P. C. Chaturvedi Secretary of Labour & Employment Addresses the 100th Session of International Labour Conference on Report of ILO Director General-“Equality at WORK: the Continuing Challenge
“Millions of people suffer from discrimination in the world of work which not only violates a basic human right but has wider social and economic consequences. Discrimination stifles opportunities wasting the human talent needed for economic progress and accentuates social tensions and inequalities. Combating discrimination is an essential part of promoting Decent Work, and success on this front is felt well beyond the workplace.” Shri Prabhat C. Chaturvedi, Secretary, Ministry of Labour and Employment said this while speaking at the 100th session of the International Labour Conference on Friday 10th June, 2011at Geneva.
Shri Chaturvedi stated that discrimination on various grounds can be exacerbated in times of economic uncertainty. Whatever has been the social impact of the financial crisis, post-crisis recovery strategies and measures must not ignore the principles of non-discrimination and equality.
Shri Chaturvedi further stated that Government of India has ratified the Conventions on Equal Remuneration (C-100) and Discrimination (Employment and Occupation) C-111. To ensure the enforcement of ILO Convention No. 100 concerning Equal Remuneration to men and women for work of equal value, the Equal Remuneration Act, 1976 was enacted. The Constitution of India guarantees Civil Liberties which include individual rights common to most liberal democracies. Article 15 of the Constitution of India prohibits discrimination on grounds of religion, race, caste s*x or place of birth and Article 16 states that there shall be Equality of Opportunity for all citizens in matters relating to employment or appointment to any office under the state.
He further added that the Right against Exploitation is also a fundamental right in our Constitution aimed to prevent exploitation of weaker sections of society. The Bonded Labour Abolition Act, 1976 has been enacted by Parliament to bring an end to this practice. The prevention of s*xual harassment of women at the workplace also has the force of law under Article 141 of the Constitution of India. The practice of untouchability has been declared an offence punishable by law in India and Protection of Civil Rights Act, 1955 has been enacted by Parliament of India.
Shri Chaturvedi mentioned that Government of India attaches utmost priority to the welfare and development of the weaker sections of society. The structure and mechanism of implementation of protection of Civil Rights Act, 1954 and the SC/ST Prevention of Atrocities Act, 1989 include provision for legal aid to affected persons, setting up of special course, vigilance and monitory committees under Chief Minister and District Magistrate respectively. SC/ST candidate have been given reservation in professional courses like medical, engineering colleges in India and also have been providing reservation for jobs in the Civil Services of the country in order to encourage their participation in the economic and political mainstream of the country. Government of India reserves 50 per cent of seats in Central Institute of Higher Education for economically and socially backward candidates.

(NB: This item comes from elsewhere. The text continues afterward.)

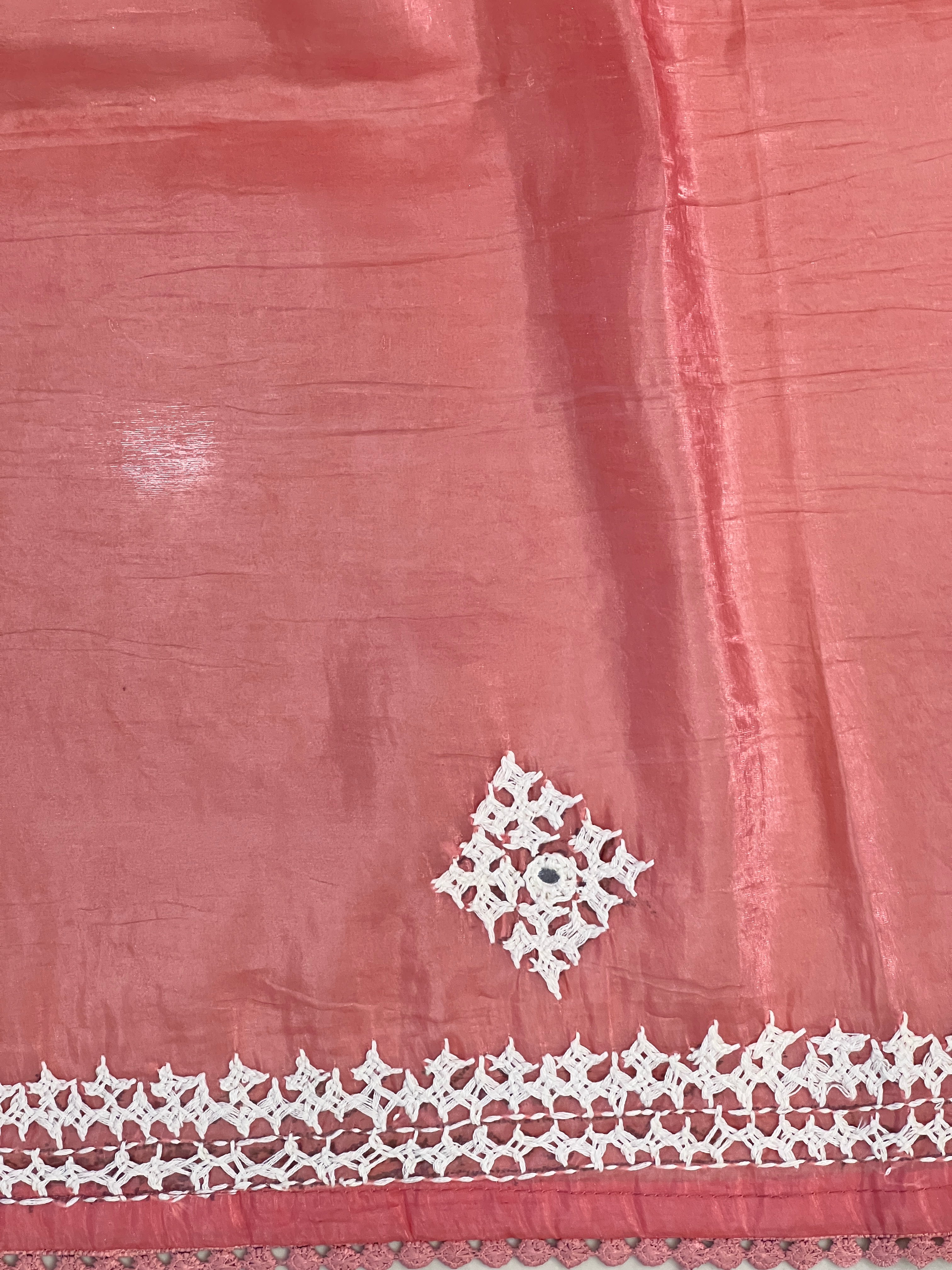 Kutch Work Detailed Organza Saree | BLD1965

Shri Chaturvedi stated that Indian law provides a quota system, where by a percentage of seats are reserved in employment in Government and in the Public Sector Units (PSU) and in all public and privateeducational institution. The reservation policy is also extended to SC/ST for representation in Parliament of India. A reservation of 3% seats is given to physically challenged persons in Government jobs.
He further stated that Government of India is following a policy of positive discrimination by reserving a part of benefits under Flagship Welfare Programme like Mahatma Gandhi National Rural Employment Guarantee Act (MGNREGA), Local Self Government (Panchayat), Municipalities and Vocational Training Institute exclusively for women. We have introduced legislation to assure minimum wages, maternity benefits and equal remuneration for women. A legislation to secure one-third reservation to women in the Parliament of India is currently under process. The Protection of Women for Domestic Violence Act is helping to act as a deterrent as well as providing legal recourse to women who are victims of any kind of domestic violence. A new scheme, Indira Gandhi Matritva Sahyog Yojana (IGMSY), for pregnant and lactating women has been approved by the Government. A woman Government servant having minor children below the age of 18 years may be granted child care leave for a maximum period of two years, i.e.730 days during the entire service for taking care of up to two children whether for rearing or to look after any of their needs like examination, sickness, etc.
Shri Chaturvedi mentioned that lack of work opportunities in home countries have led to the movement of people across borders. India has enacted the Emigration Act in 1983. The Act provides for the regulatory framework in respect of Indian workers for overseas employment on contractual basis and seeks to safeguard their interest and also to ensure their welfare. The Act makes it mandatory for registration of recruiting agents with the Office of Protector General of Emigrants for conducting business of recruitment of specified categories for overseas employment.
Shri Chaturvedi concluded by stating that all countries have major responsibility in steering and contributing to international action on the elimination of discrimination and inequality in the work-place. We appreciate that ILO has shown itself to be the leading body in combating discrimination and promoting equality, right from its inception. We the member countries of ILO should reiterate our commitment at this forum to ensure Decent Work & Equal opportunity in the World of Work, which alone can form the foundation of equitable and balanced growth.